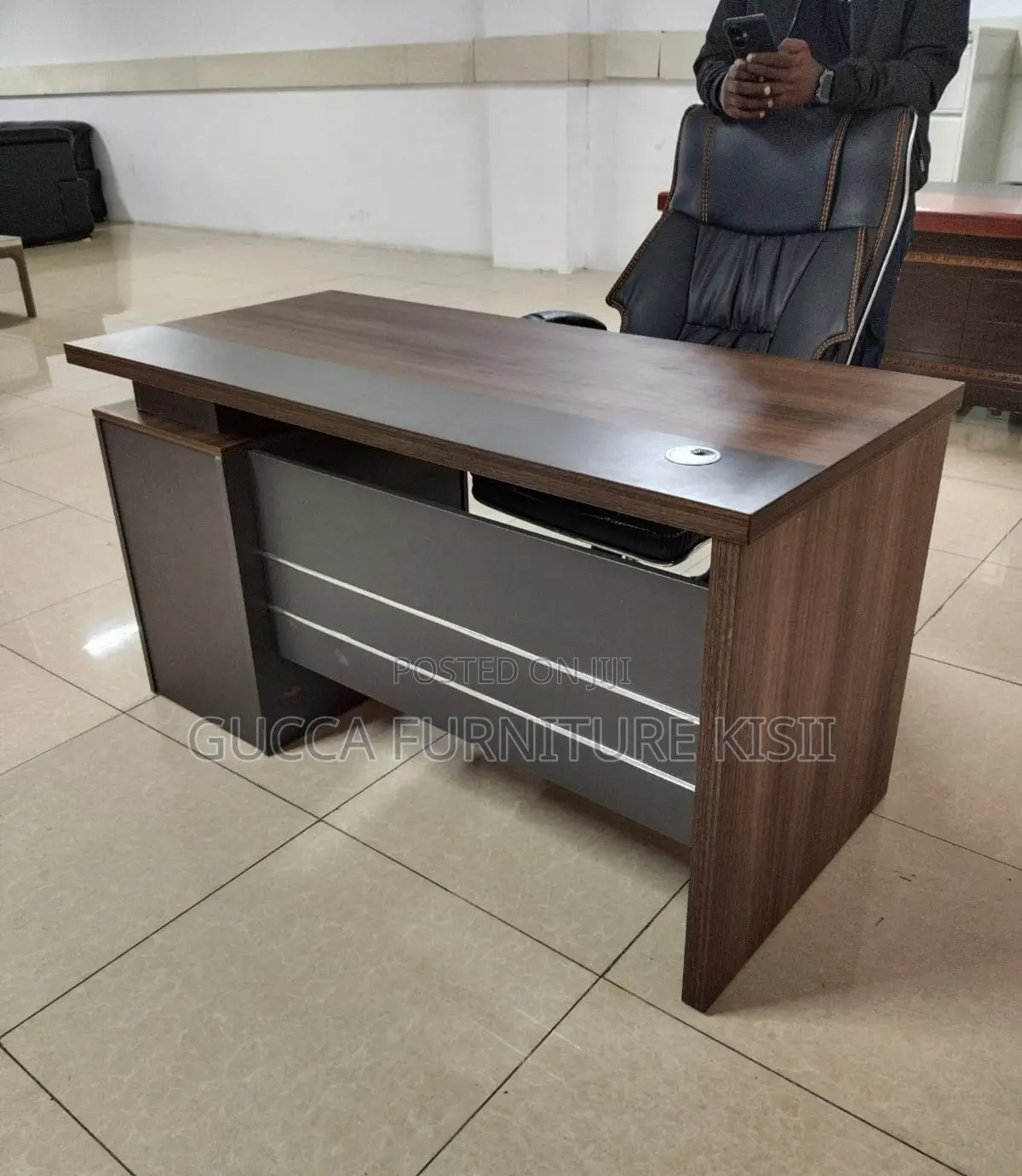Office Desk; 1.4M Executive Office Desk With Storage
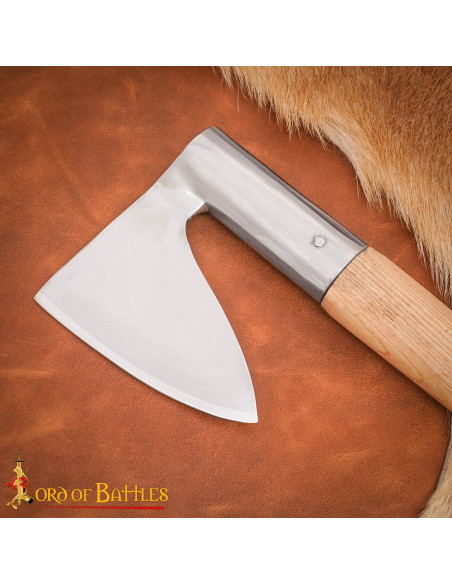 Hacha histórica do século XIV em aço...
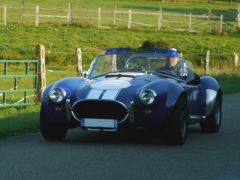 Louer une AC Cobra de de 1977 (Photo 1)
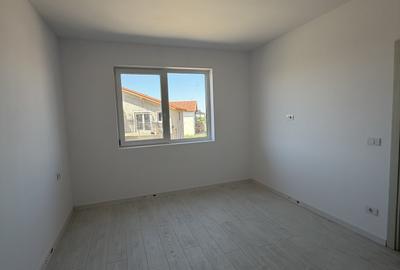 DEZVOLTATOR, 3 CAMERE LA ASFALT, GIROC - 4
- - -
Exactly the lines running from the one with "Louer une AC Cobra de de 1977 (Photo 1)" through the end of the listing above must be output, both ends included. No pictures belong in the output.

 Louer une AC Cobra de de 1977 (Photo 1)
 DEZVOLTATOR, 3 CAMERE LA ASFALT, GIROC - 4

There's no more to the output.